Hey folks, I have a workflow for automatically publishing “ snippets” to my website from Roam. Currently there’s a multi-hour latency between writing a snippet and when it appears on my website. In this snippet I’m going to muse about / ask questions about how to use puppeteer to bring this latency down considerably. This’ll be my first time using puppeteer, so help appreciated. Read on!
The current system relies on my git-to-roam backup, which runs every hour and fails some fraction of the time.
So, to bring the latency down, the idea is to use pyppeteer (the python puppeteer bindings) to log into Roam in a headless browser.
This will monitor Roam for new (or modified) snippets, and will publish them to my website.
A snippet is OK to publish if its tagged with both “Snippets” and “ok-to-publish”.
So, first question: has anyone done this before? B/c if someone’s already gotten all the CSS/XPATH selectors for logging in, navigating, etc, that could save me some time
Another important thing I’m thinking about: are there problems keeping an instance of Roam open in a headless browser could cause?
E.g.

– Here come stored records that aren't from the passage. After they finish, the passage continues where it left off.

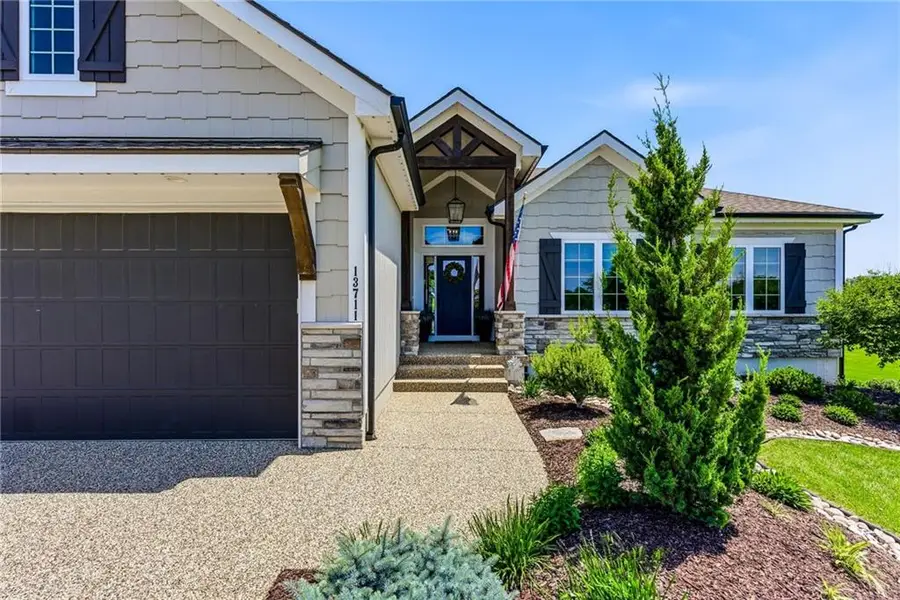13711 Woodland Ranch Drive, Lone Jack, MO 64086 - #3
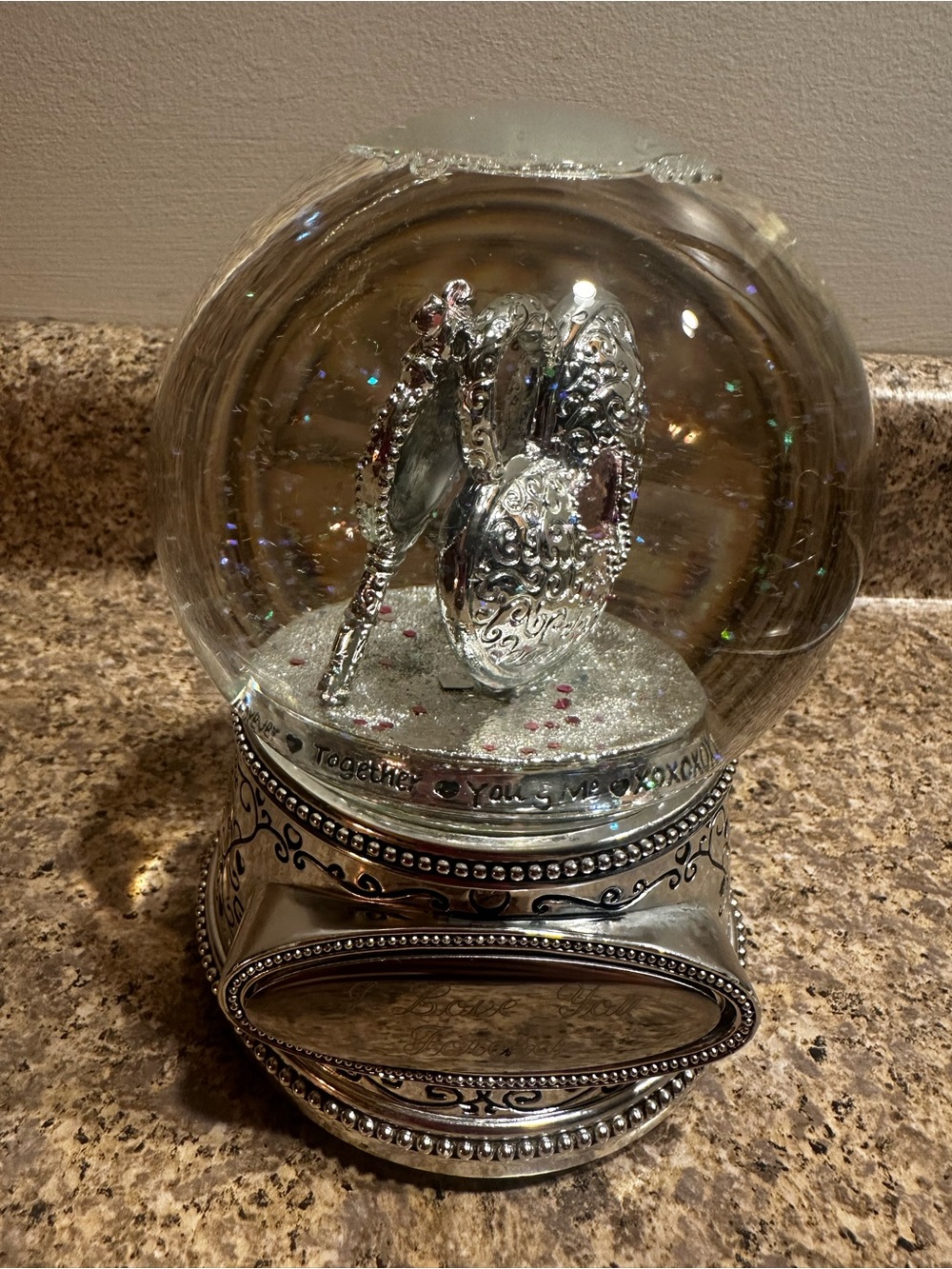 Things Remembered Plays "Love Me Tender" Musical Snow Globe Heart Anniversary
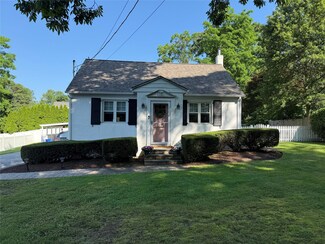 9 Bergen Ct, Huntington Station, NY 11746
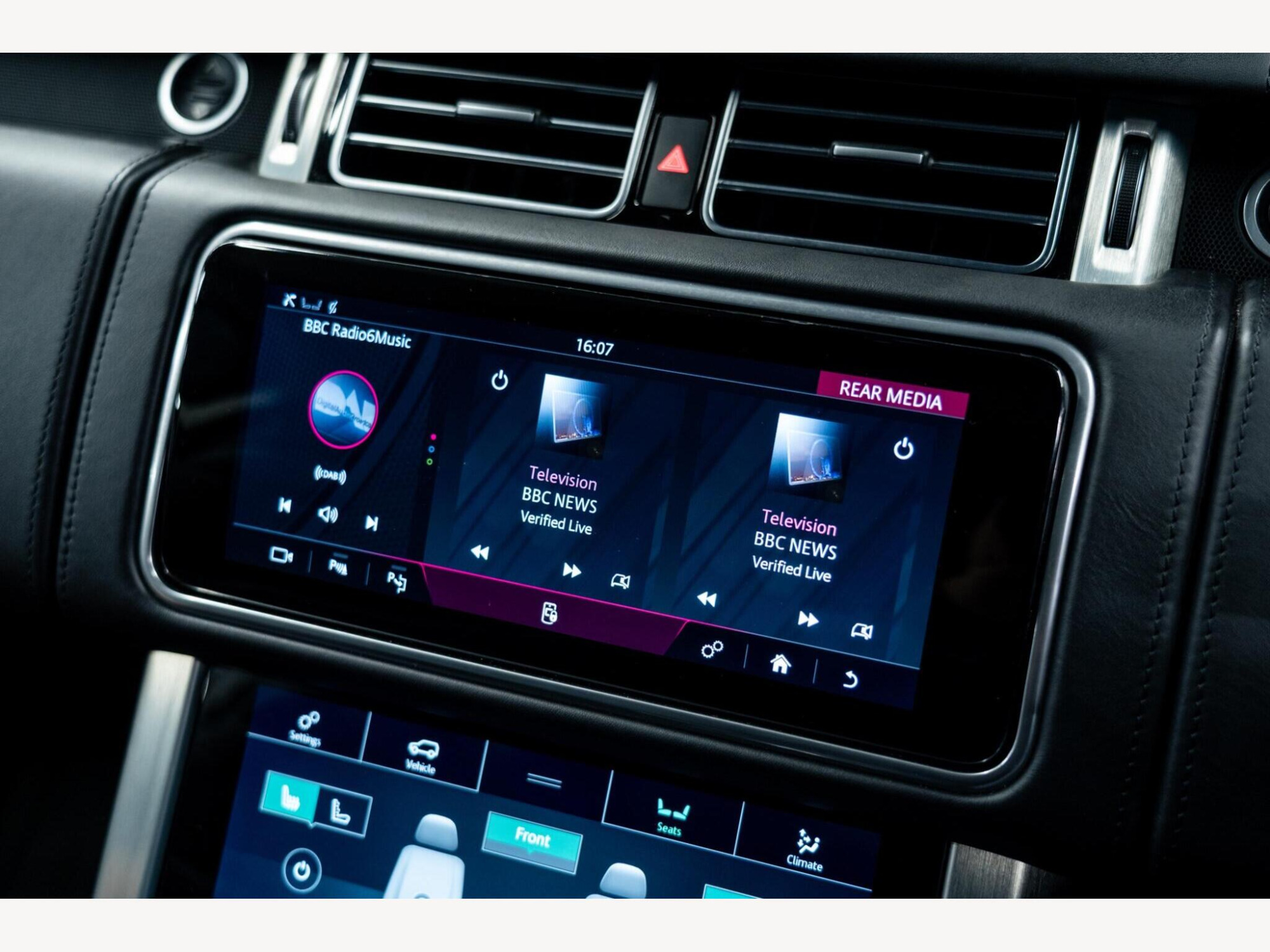 2019 Land Rover Range Rover image 26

I hear about occasional data loss which seems related to having out-of-date instances of Roam open on other machines – e.g. maybe the out of date Roam comes back online and overwrites new content with older blank content?
I think I’ll make my headless Roam instances relatively-short lived (<10 minutes) just in case.
I think the strategy I’ll take will be:
- Log in to Roam in headless browser
- Run datalog query in javascript to check for new/updated snippets.
- Run that query fairly frequently (e.g. every few seconds) in order to detect snippets as soon as they’re available
- Debounce, so that if a snippet is actively changing its only deployed ~twice, not 100 times
And then every 10 minutes or so I’ll have it take a short breather and refresh
Abhay suggested using the alpha API for this rather than puppeteering.
I think I’ll get started on the puppeteer implementation now though anyway, even if the API ends up being a better way of doing this in the near future.
Update:
I have a first draft that handles log in and running the query to detect publishable material (blocks with the appropriate two tags).
Not sure how reliable login is as I had some hiccups getting it working.
And the headless browser seems very slow to notice changes to the Roam graph compared to what I’m used to.
So instead of checking every few seconds, I think I’ll just check once a minute or so, refreshing either every time or every few times.
Unexpected snag: I get the children of a block but I don’t know how to put them in the proper order!
(with datalog)
I could navigate to the block and look at the dom… but hopefully I don’t need to do that.
Looks like there is an “order” attribute, so this will be doable. Might be messy though.
If I’m understanding right, :block/order gives the index of a block into its parents children.
We’re good!
If you’re reading this on my website, it worked!